The Oregon coast is very lucky to have a native butterfly species that is both colorful and spectacular.

The Oregon Swallowtail is part of a larger Papilionidae family that includes some of the largest and most beautifully colored butterflies in North America. North America has 40 species.

Territory

The Oregon swallowtail lives only in Oregon, Washington, Idaho, and south-central British Columbia. Swallowtail species can be found in the Arctic Circle south into Mexico. Most sightings in Oregon are along the mainstems and immediate tributaries of the Columbia, Deschutes and Snake Rivers.

There are over 550 butterfly species in this family. Most reside in tropic and subtropic regions. The Oregon Swallowtail may have originated there.

Food

Adults feed on wildflower nectar from thistles, balsamroot, phlox, daisies, asters, rabbitbrush, penstemon, milkweed, and dogbane. The larvae (juveniles) feed on tarragon sagebrush (also called wild tarragon or dragon wormwood, Artemisia dracunculus).

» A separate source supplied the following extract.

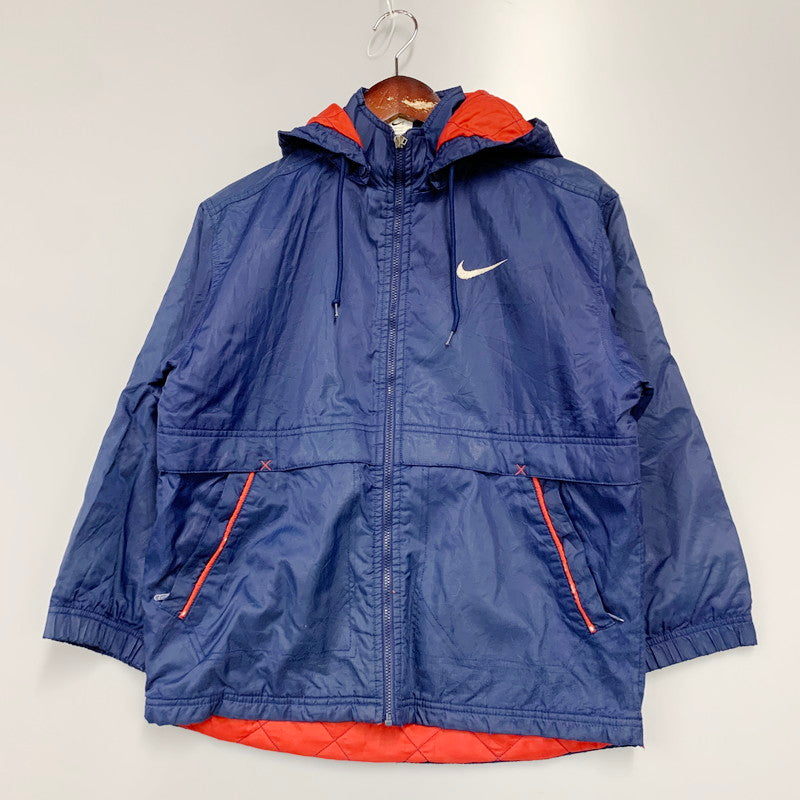 【中古品】【メンズ】 90’S Nylon Jacket ナイロンフード付きジャケット アウター 146-240429-ay-07-izu サイズ：M カラー：ネイビー 万代Net店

Swallowtail butterfly caterpillars feed on a wide range of plant families, and often depend on one of five families: Aristolochiaceae, Annonaceae, Lauraceae, Umbelliferae (Apiaceae) and Rutaceae.  These plant families include toxic plants. Once eaten, the toxin makes both the caterpillar and butterfly also toxic which helps protects them from predators.

Predation

Oregon Swallowtails have wingspans up to 4-inches that sport a bright yellow with black-lined pattern and a ‘tail’ that extends off the back wing. The yellow wing markings of the Oregon swallowtail are brighter than the common swallowtail.

The tail is not required for flight, and may be sacrificed to escape predation. The hope is that the bird may ‘swallow the tail’ rather than a more critical body part and allow the butterfly to survive.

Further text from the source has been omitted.